### TASK STATEMENT
The material below has pictures in it. Set down only the lines from the line containing "Футболка оверсайз мужская" through the line containing "자이언트 잘 생긴 여름", word for word, and leave the pictures behind.

Start of EXERCISE DATA

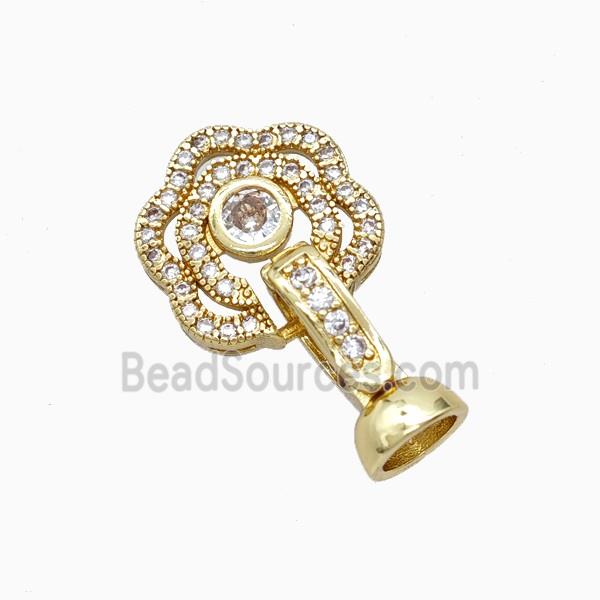 Copper Flower Clasp Pave Zirconia Gold Plated
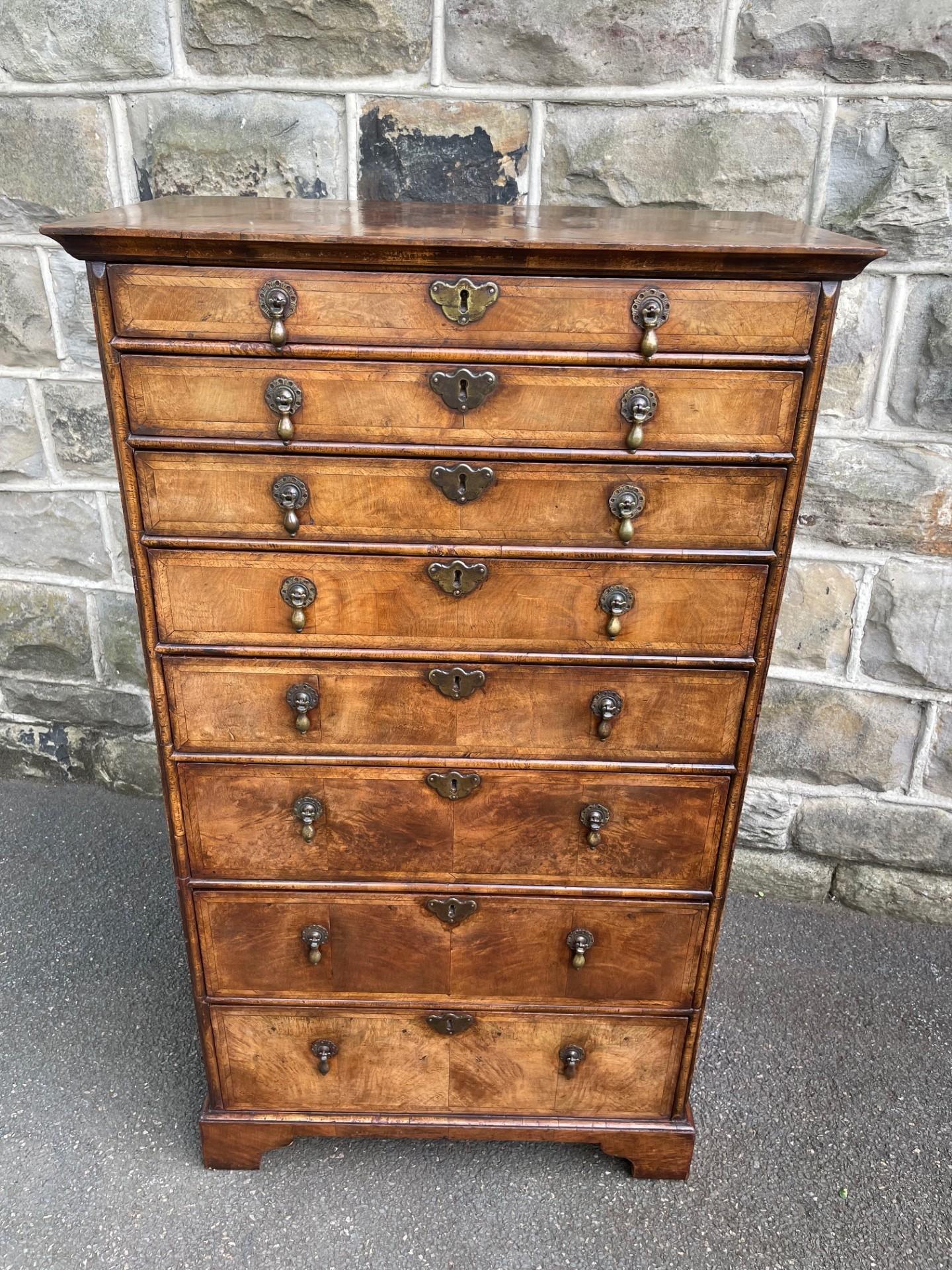 Antique Figured Walnut 8 Draw Chest (1 of 12) Antique Figured Walnut 8 Draw Chest (1 of 12)
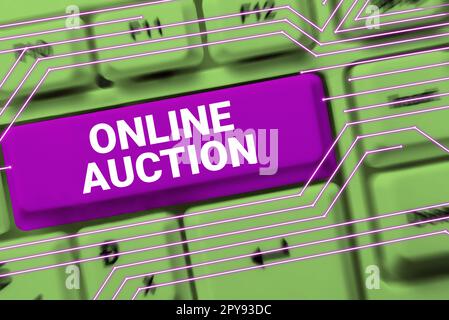 Konzeptionelle Beschriftung Online-Auktion. Business Showcase Prozess des Einkaufs und Verkaufs von Waren oder Dienstleistungen online Stockfoto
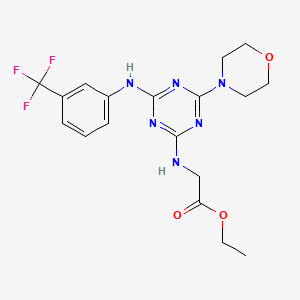 ethyl N-(4-morpholin-4-yl-6-{[3-(trifluoromethyl)phenyl]amino}-1,3,5-triazin-2-yl)glycinate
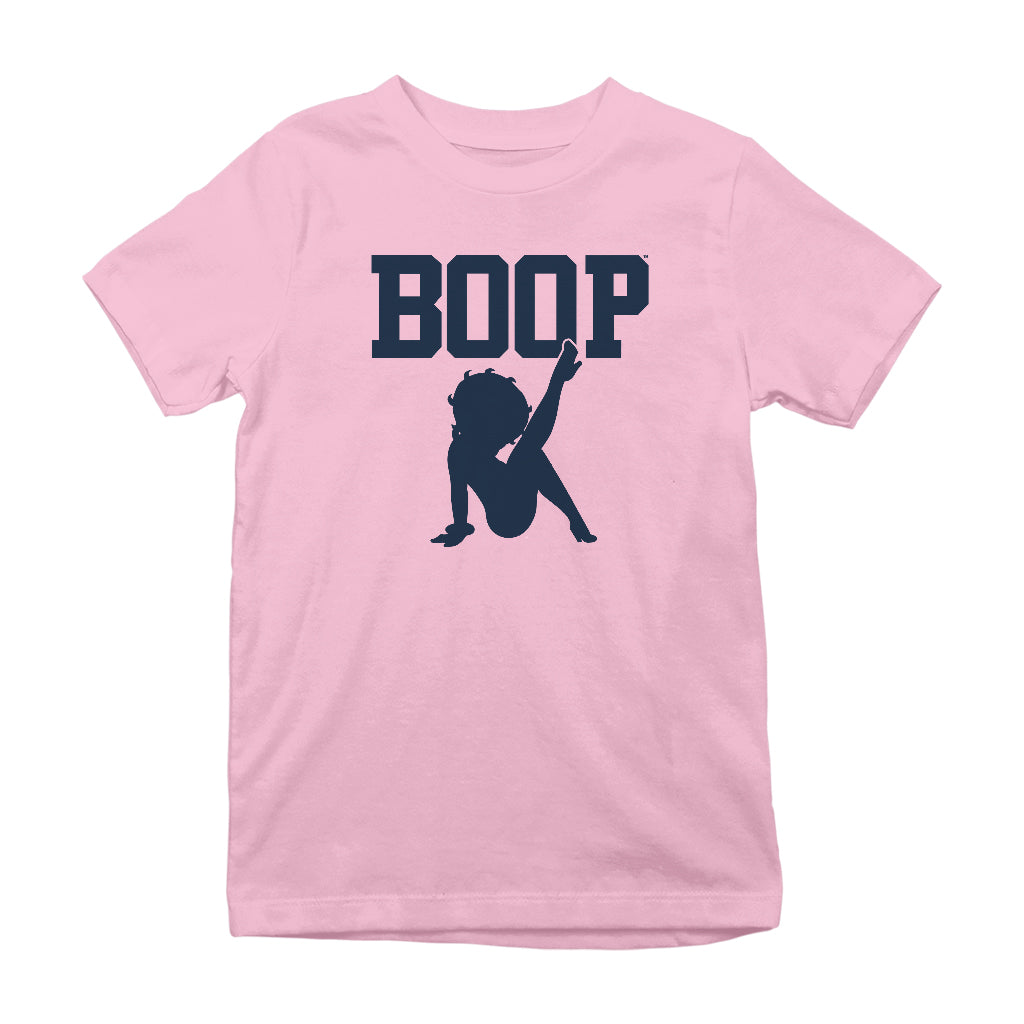 Betty Boop Leg Kick Silhouette College Sports Text Kids T-Shirt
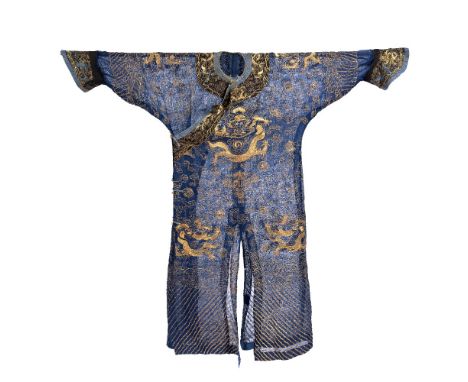 Blue and gold summer coat Chinese threaded in gold silk depicting dragons in flight 122cm high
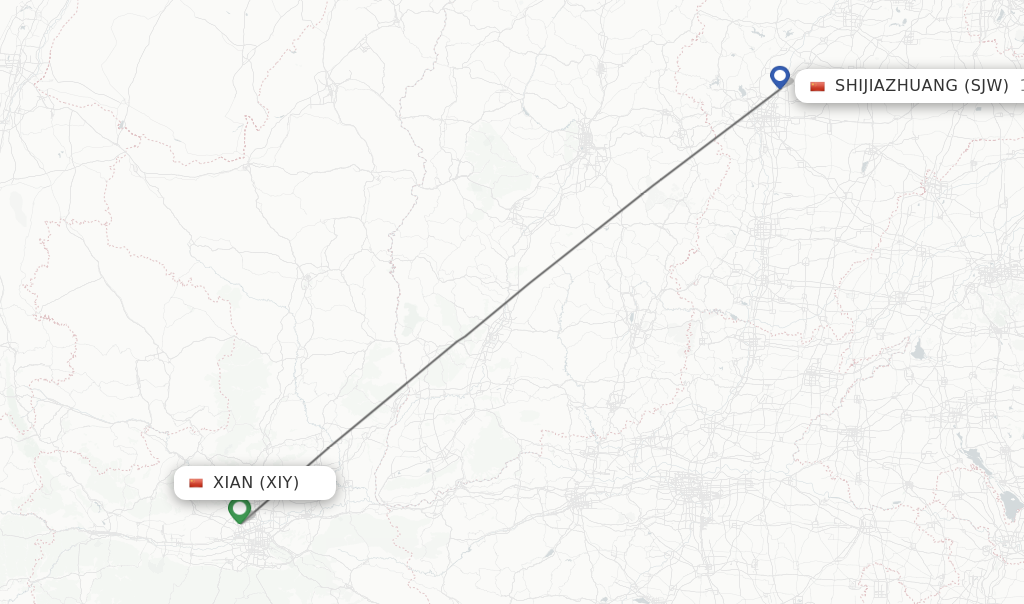 Flights from Xian to Shijiazhuang route map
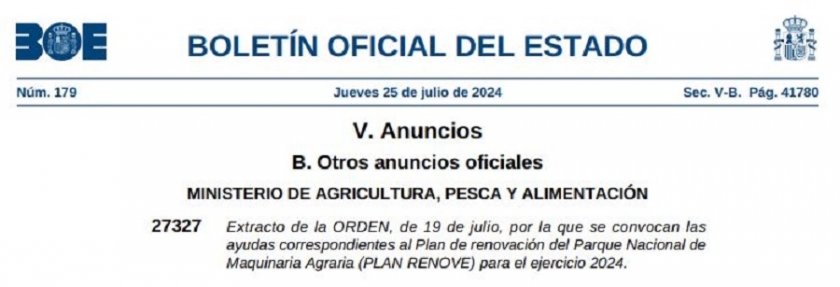 PLAN RENOVE MAQUINARIA AGRICOLA 2024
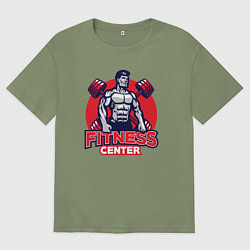 Футболка оверсайз мужская Фитнес центр, цвет: авокадо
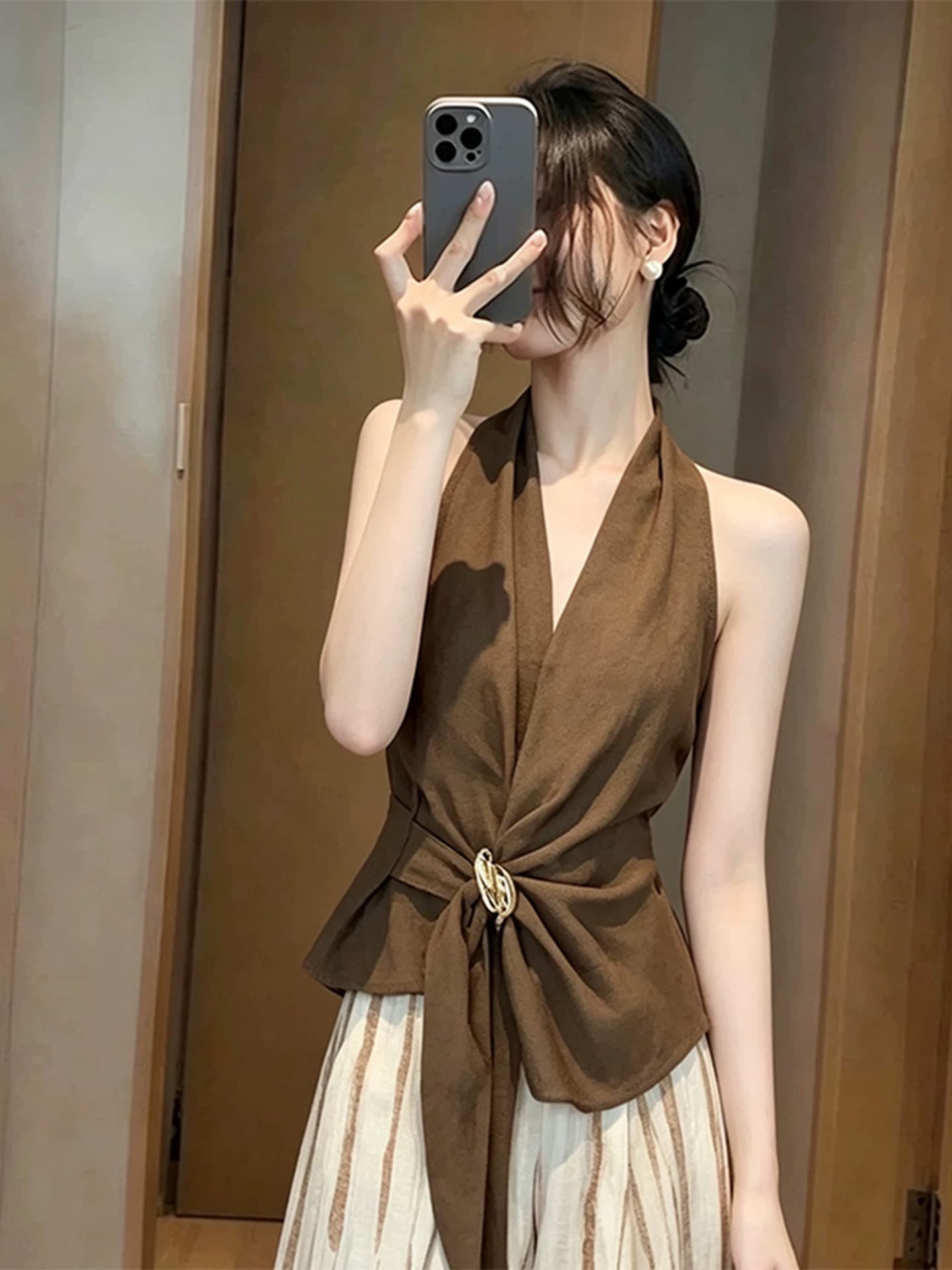 자이언트 잘 생긴 여름 착용 가져 가라. 전체 집합 품격 연령 감소 고급 오래된 돈 바람 커피 색상 행침 목 민소매 맨위 세트 바지 이미지 3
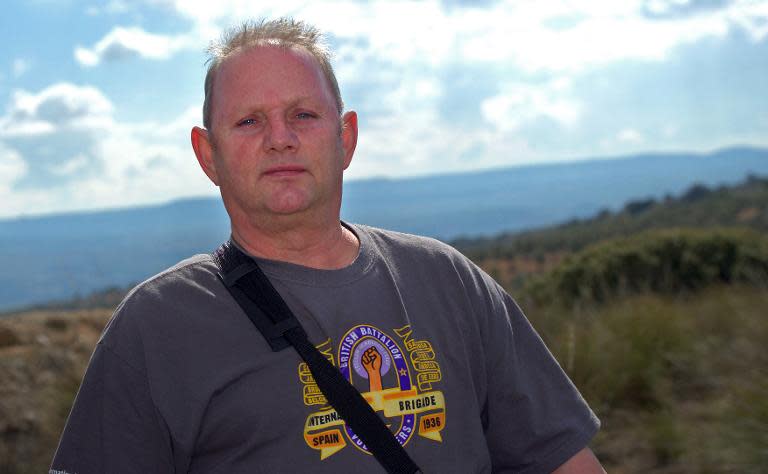 Andrew Crawford poses during a march called by the Friends of International Brigades Association to commemorate the involvement of the International Brigades in the Battle of Jarama during the Spanish Civil War at Morata de Tajuna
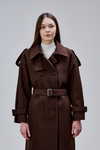 Acı Kahve Kuşaklı Oversize Kaşe Kaban 44577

End of EXERCISE DATA

### WRITTEN ANSWER
 Футболка оверсайз мужская Фитнес центр, цвет: авокадо
 자이언트 잘 생긴 여름 착용 가져 가라. 전체 집합 품격 연령 감소 고급 오래된 돈 바람 커피 색상 행침 목 민소매 맨위 세트 바지 이미지 3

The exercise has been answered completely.